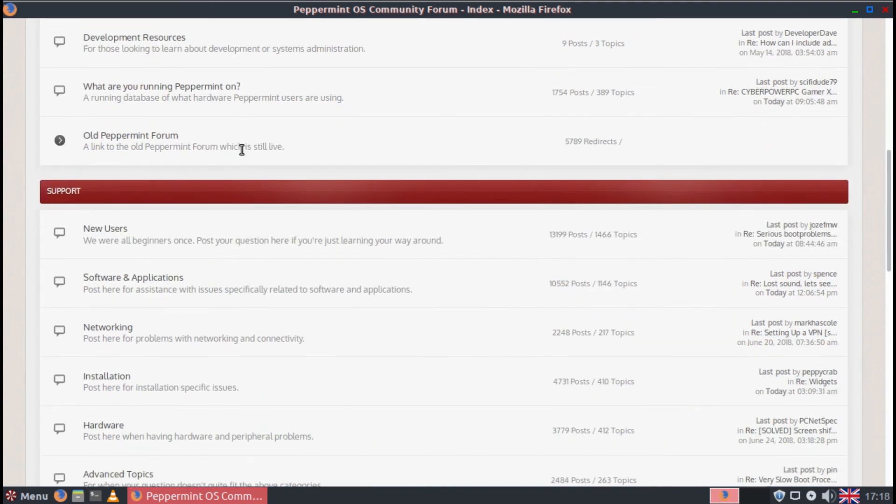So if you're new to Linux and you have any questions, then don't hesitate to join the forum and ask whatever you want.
┄┄┄┄┄┄┄┄┄┄┄┄┄┄┄┄┄┄┄┄
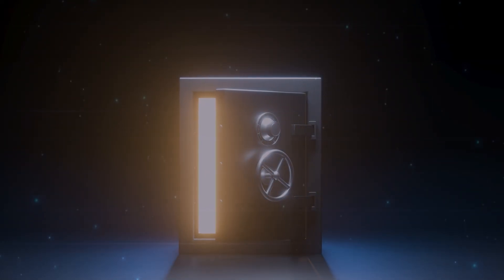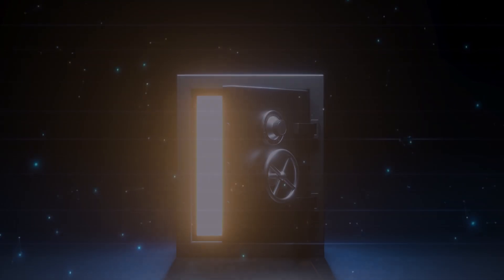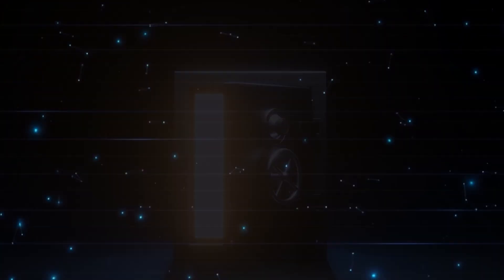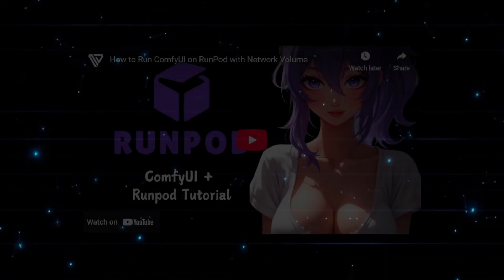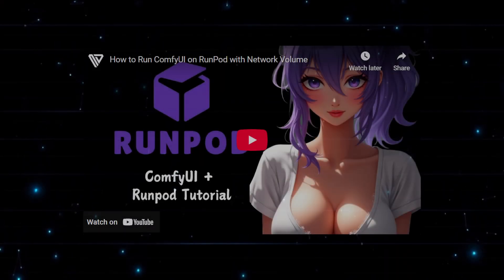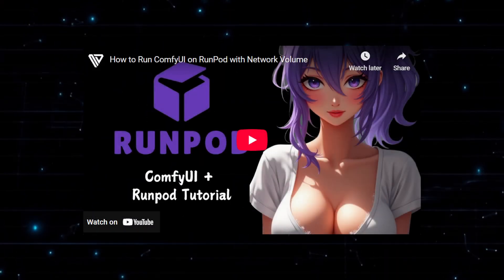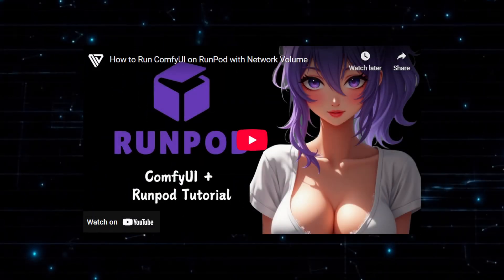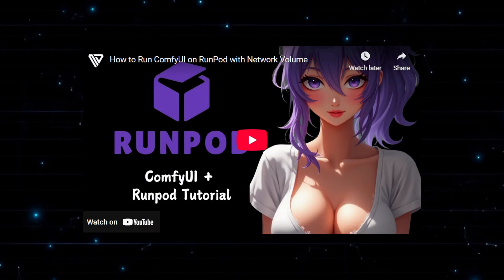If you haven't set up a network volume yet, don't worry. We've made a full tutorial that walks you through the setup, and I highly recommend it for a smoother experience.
┄┄┄┄┄┄┄┄┄┄┄┄┄┄┄┄┄┄┄┄
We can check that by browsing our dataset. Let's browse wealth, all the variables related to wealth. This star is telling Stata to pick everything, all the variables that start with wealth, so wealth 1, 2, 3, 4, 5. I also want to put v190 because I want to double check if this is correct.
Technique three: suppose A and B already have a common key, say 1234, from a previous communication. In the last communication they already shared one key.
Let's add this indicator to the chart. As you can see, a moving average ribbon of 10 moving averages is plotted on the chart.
┄┄┄┄┄┄┄┄┄┄┄┄┄┄┄┄┄┄┄┄
[Exercise requirements] From the records above, copy out the line with "Technique three: suppose", the line with "Let's add this", and every line between them, word for word.

[Output of the exercise]
Technique three: suppose A and B already have a common key, say 1234, from a previous communication. In the last communication they already shared one key.
Let's add this indicator to the chart. As you can see, a moving average ribbon of 10 moving averages is plotted on the chart.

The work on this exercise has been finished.